Simulating microgravity with head-down tilt
Now researchers may be able to address questions about how microgravity affects time without launching participants into space. It turns out that simply lying down for a while in a head-down tilt (HDT), as shown in the figure below, can cause similar physiological and vestibular changes that are associated with microgravity.
A new study published in this month’s issue of Perception investigated whether a simple change in one’s body posture can result in similar disruptions to our sense of time as experiencing microgravity. In the study, Dr. Weicong Ren and co-authors asked whether exposing participants to 30 minutes of head-down tilt would influence observers’ judgment of time, similar to what has been shown in astronauts.
Participants (16 students from Hebei Normal University) completed a time reproduction task in which they first saw a blue square for a variable amount of time (0.8 seconds, 1 second, or 2 seconds). The blue square then disappeared, and after a brief delay, a gray square appeared on the screen. Participants were instructed to press a button to indicate when the gray square had been on the screen for the same amount of time as the previous blue square. Performance on this time reproduction task was measured in three ways: an absolute error measure; a relative ratio measure; and a coefficient of variation (or how inconsistent responses were from trial to trial).
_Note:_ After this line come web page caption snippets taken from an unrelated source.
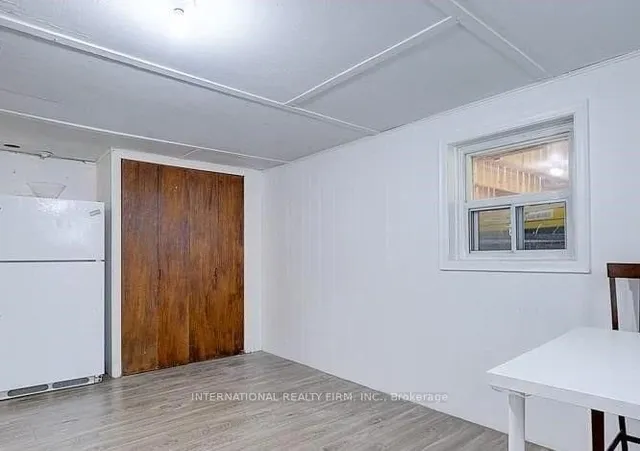 Additional image 16 of 8 Farrell Ave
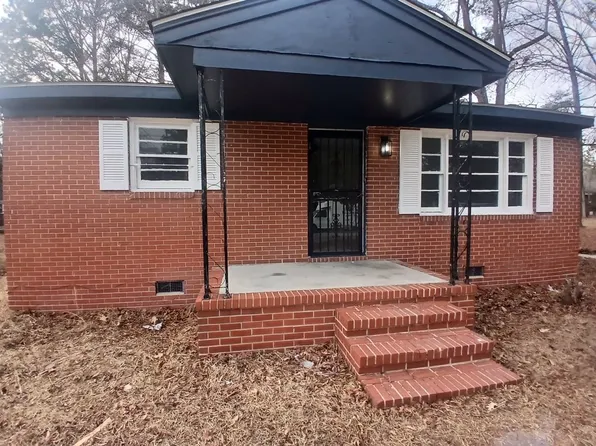 1306 Grace St, Scotland Neck, NC 27874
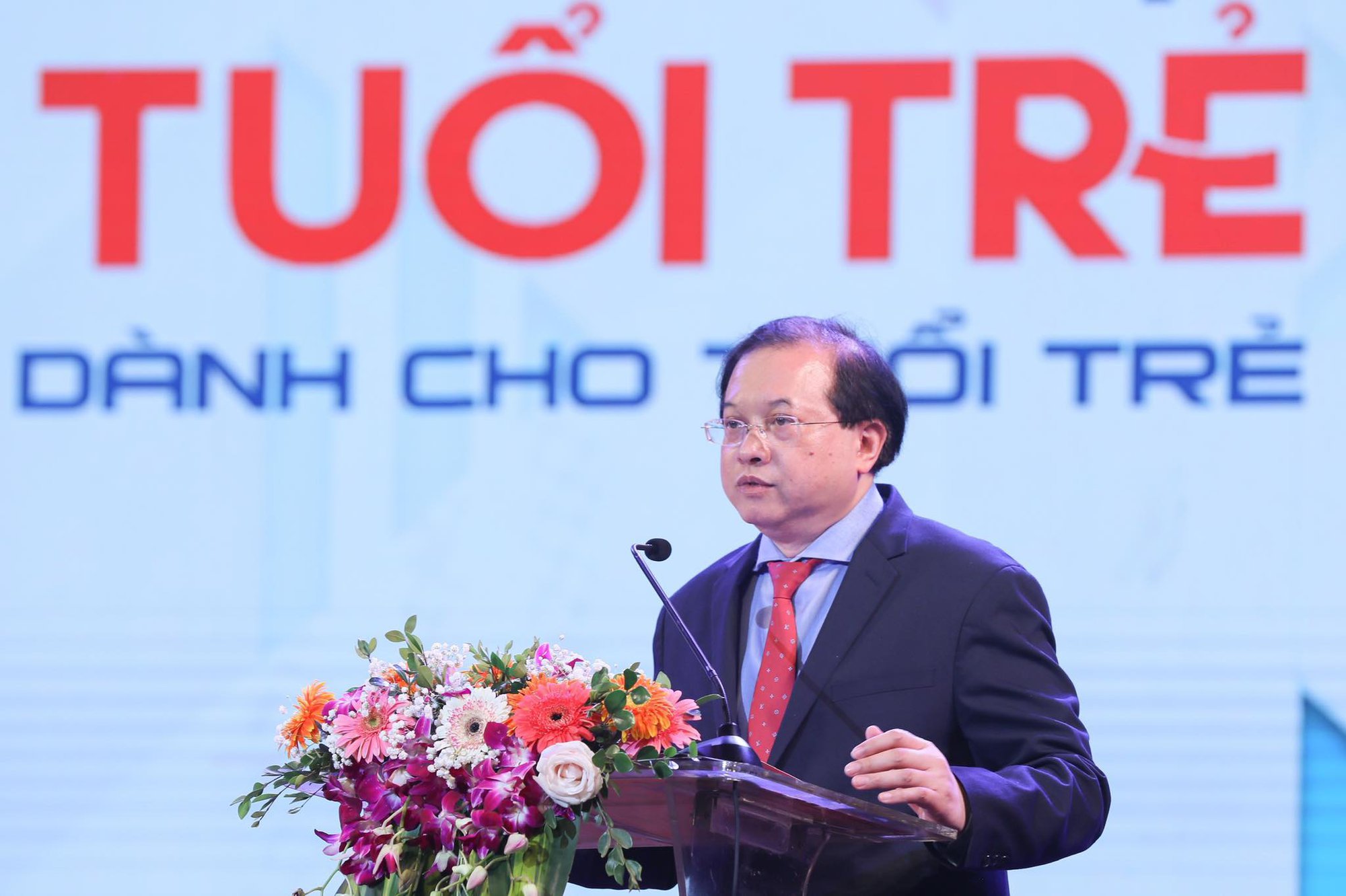 Nhà hát Tuổi trẻ sẽ kế tục xứng đáng sự nghiệp của các thế hệ đi trước, tiếp tục đạt được những thành tựu mới - Ảnh 2.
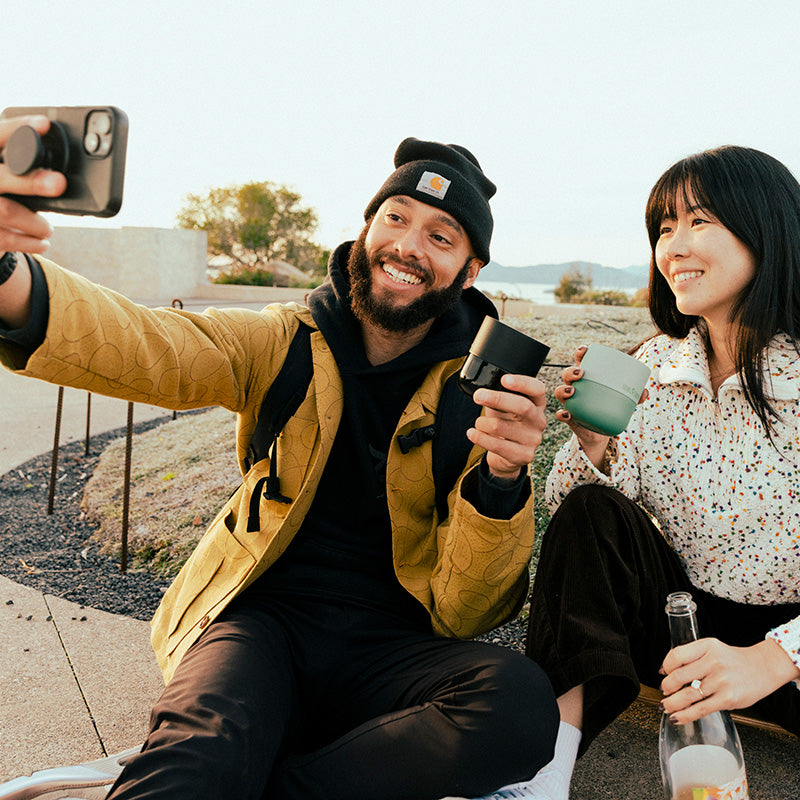 8oz-rise-lowball-tumbler-u7 8oz_rise_lowball_black_iceberg_couple_selfie_city_square.jpg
Critically, participants completed the task twice—once before the head-down tilt intervention, and once following 30 minutes of lying in a 30-degree head-down tilt.
As the researchers predicted, performance in the time reproduction task was altered by the head-down tilt manipulation. Participants were more prone to make larger errors after the head-down tilt manipulation than before. Furthermore, participants were more likely to overestimate short durations after the head-down tilt manipulation than before. These results are in accordance with previous findings with astronauts and support the notion that body tilt can lead to similar changes in time perception as experiencing microgravity.
The results of this work suggest that researchers can continue asking questions about microgravity without the expenses and challenges associated with space flight research. For example, researchers can address whether changes in time perception associated with being in a virtual environment are exaccerbated during head-down tilt. Such research will not only address questions about microgravity pertinent to pilots and astronauts, but will also reveal how different mechanisms of time perception interact.